A total of 288 patients were screened; 250 were enrolled; and 229 completed the study. 389 AEs were reported from 58% of patients. Of these, 61 were related to study treatment. One event of decreased creatinine clearance led to study discontinuation. One serious event of pyrexia was reported, which was unrelated to the study drug. The most common AEs were headache (18%), pyrexia (14%), vomiting (6.4%) and upper respiratory tract infections (6%). No deaths were reported. At week 24, 86.8% of the patients achieved plasma HIV-1 RNA levels <50 copies/mL and the mean CD4 cell count increased from 350.2 (SD, 239.73) at baseline to 494.6 (SD, 261.40) with an average increase of 143.2 (SD, 226.14) cells.

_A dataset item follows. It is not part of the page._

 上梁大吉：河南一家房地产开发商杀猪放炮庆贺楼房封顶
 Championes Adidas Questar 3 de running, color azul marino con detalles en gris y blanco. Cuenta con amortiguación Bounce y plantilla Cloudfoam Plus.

This study demonstrated the safety and efficacy of DTG based regimen in treatment naïve HIV-1 patients in Indian population and support use of DTG as first-line treatment regimen.
世界卫生组织推荐以多替拉韦(DTG)为基础的治疗方案作为HIV-1感染的一线治疗方案。然而,针对印度人群开展的研究较少。因此,我们的研究评估了DTG 50毫克与替诺福韦和拉米夫定(300/300毫克)固定剂量组合在初治成年印度患者中的安全性、耐受性和疗效。
这是一项开放标签、多中心、前瞻性、干预性的IV期研究,于2019年2月至2020年7月在14个地点进行。每位受试者的治疗时长为24周。主要终点是评估不良事件(AE)的发生率,次要终点是评估在第24周时血浆HIV-1 RNA水平<50拷贝/毫升的患者比例以及CD4+细胞计数相对于基线的变化。使用安全性分析集进行安全性分析,使用全分析集和符合方案集进行疗效分析。
共筛查了288名患者;250名患者入组;229名患者完成了研究。58%的患者报告了389起不良事件。其中,61起与研究治疗相关。1例肌酐清除率下降事件导致研究中断。报告了1例严重发热事件,与研究药物无关。最常见的不良事件是头痛(18%)、发热(14%)、呕吐(6.4%)和上呼吸道感染(6 %)。未报告死亡病例。在第24周时,86.8%的患者血浆HIV-1 RNA水平<50拷贝/毫升,CD4细胞计数的平均值从基线时的350.2(标准差,239.73)增至494.6(标准差,261.40),平均增加了143.2(标准差,226.14)个细胞。
本研究证明了以DTG为基础的治疗方案在印度初治HIV-1患者中的安全性和疗效,并支持将DTG用作一线治疗方案。